» **Task instructions**:
All lines from the top of the records below through the line holding "Grußkarte Mockup mit", and only those, should be printed exactly, minus the pictures.

» **Source data**:

• • • • •

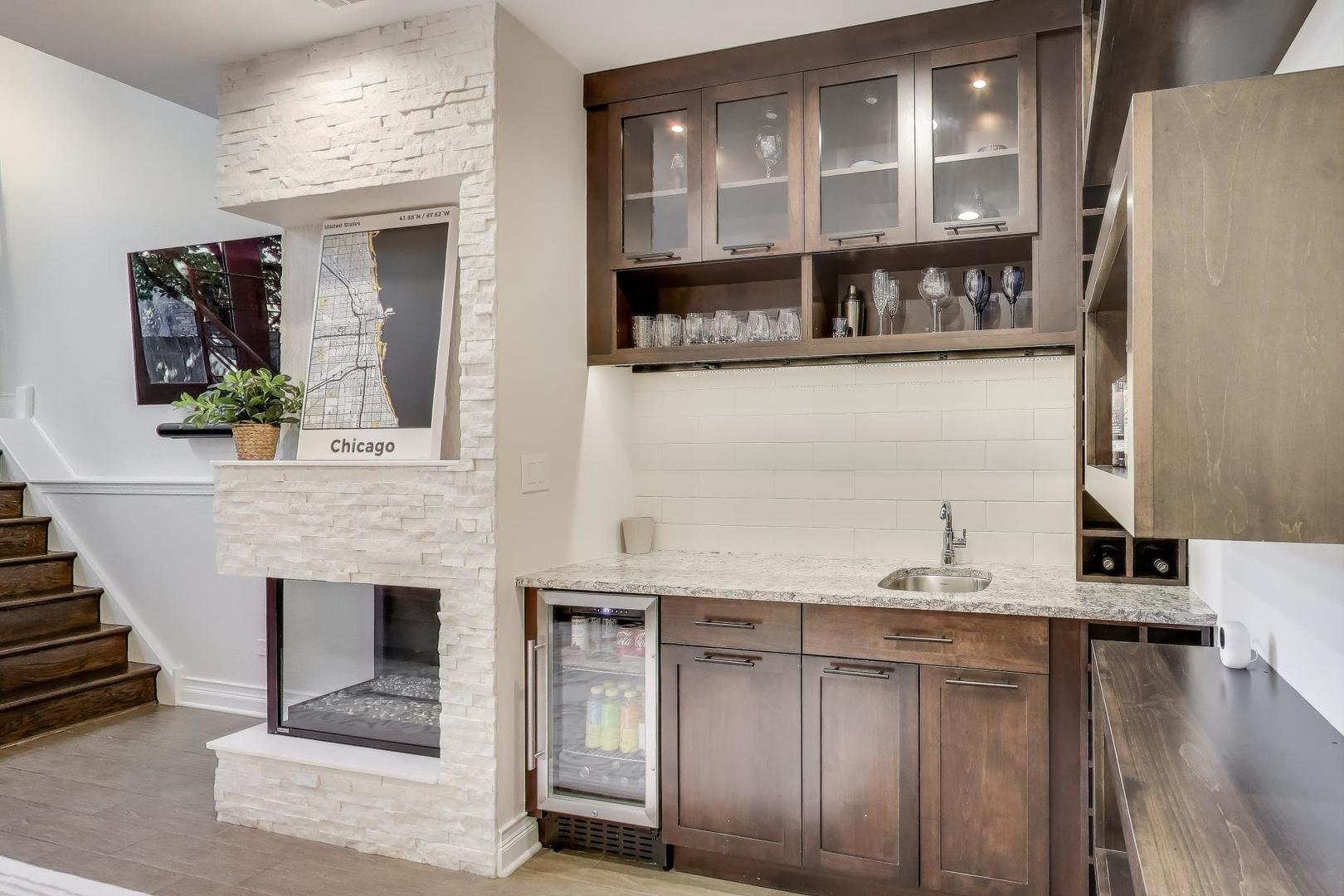 1614 West Erie Street Chicago, IL 60622 - Photo 30 of 50 a view of living room with furniture and fireplace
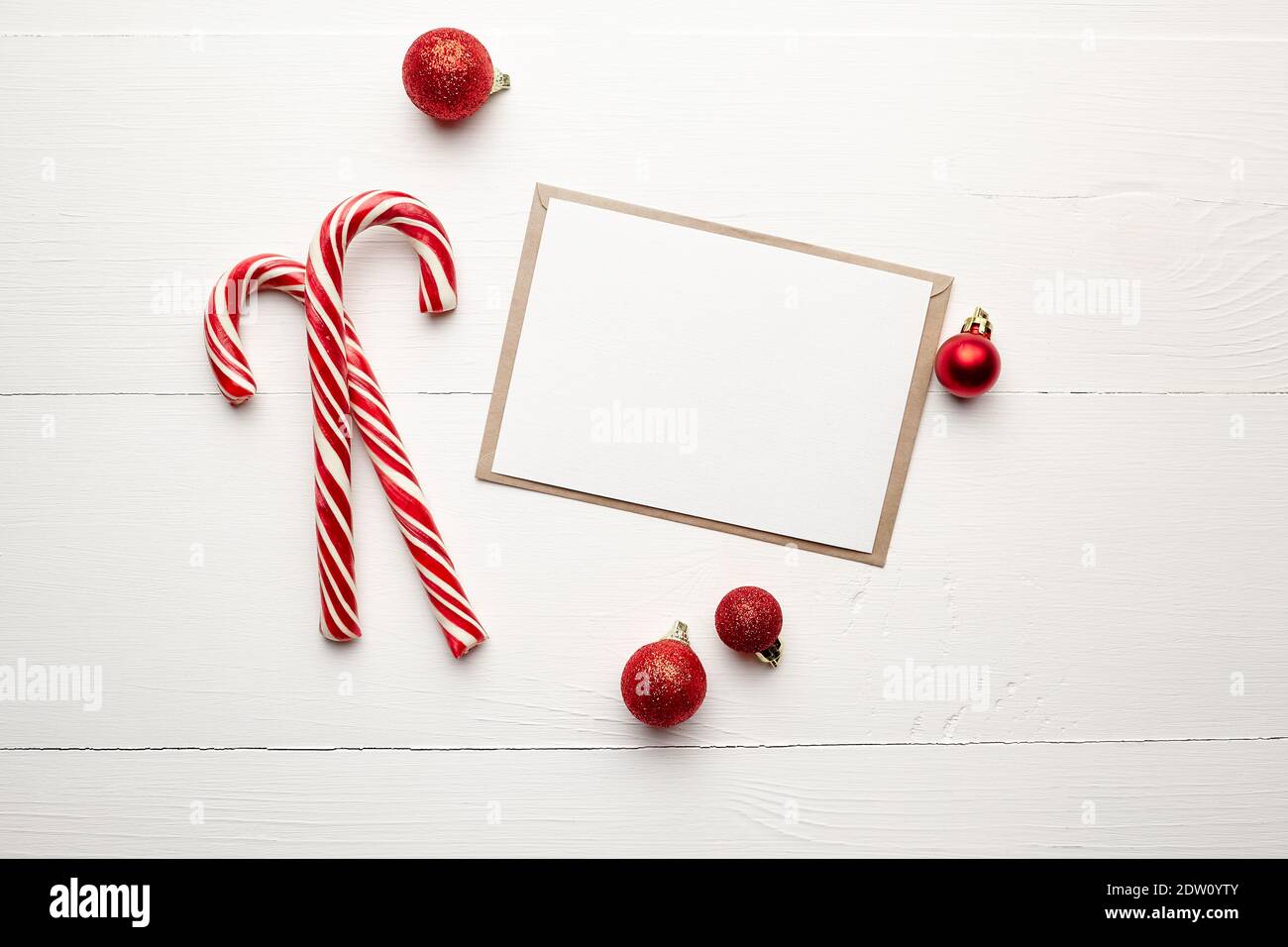 Grußkarte Mockup mit Süßigkeiten Stöcke und roten weihnachtsdekorationen Auf weißem Holzhintergrund Stockfoto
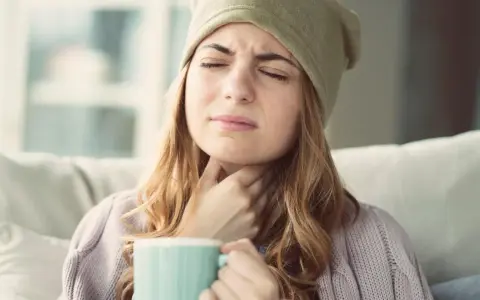 Femme souffrant d'extinction de voix, cherchant un remède miracle avec une tasse chaude.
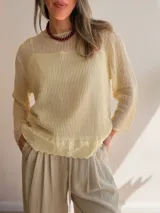 Sweater de punto calado color rosado, con diseño holgado, cuello redondo y mangas largas, que incluye una musculosa interior con terminación bordada en el bajo.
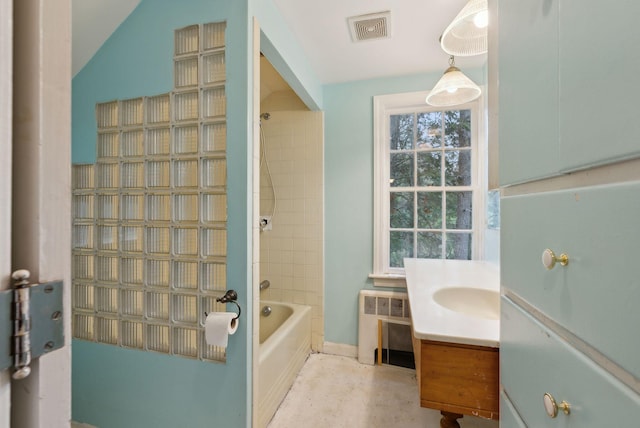 52 Main St, Sanford, ME 04083 - bathroom featuring radiator heating unit, vanity, washtub / shower combination, and visible vents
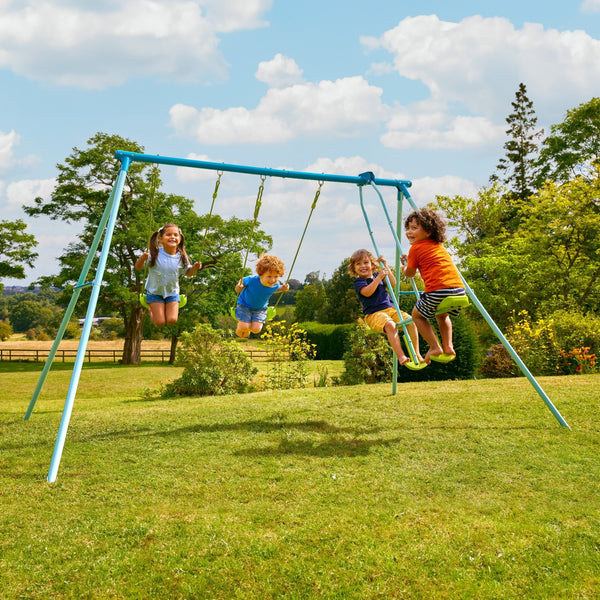 Four children play on the TP Toys TP Triple Metal Swing Set with Glider Swing Seat, which features adjustable seats. The blue swing set stands on grassy park grounds, surrounded by trees and greenery on a sunny day.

• • • • •

» **Solution**:
 1614 West Erie Street Chicago, IL 60622 - Photo 30 of 50 a view of living room with furniture and fireplace
 Grußkarte Mockup mit Süßigkeiten Stöcke und roten weihnachtsdekorationen Auf weißem Holzhintergrund Stockfoto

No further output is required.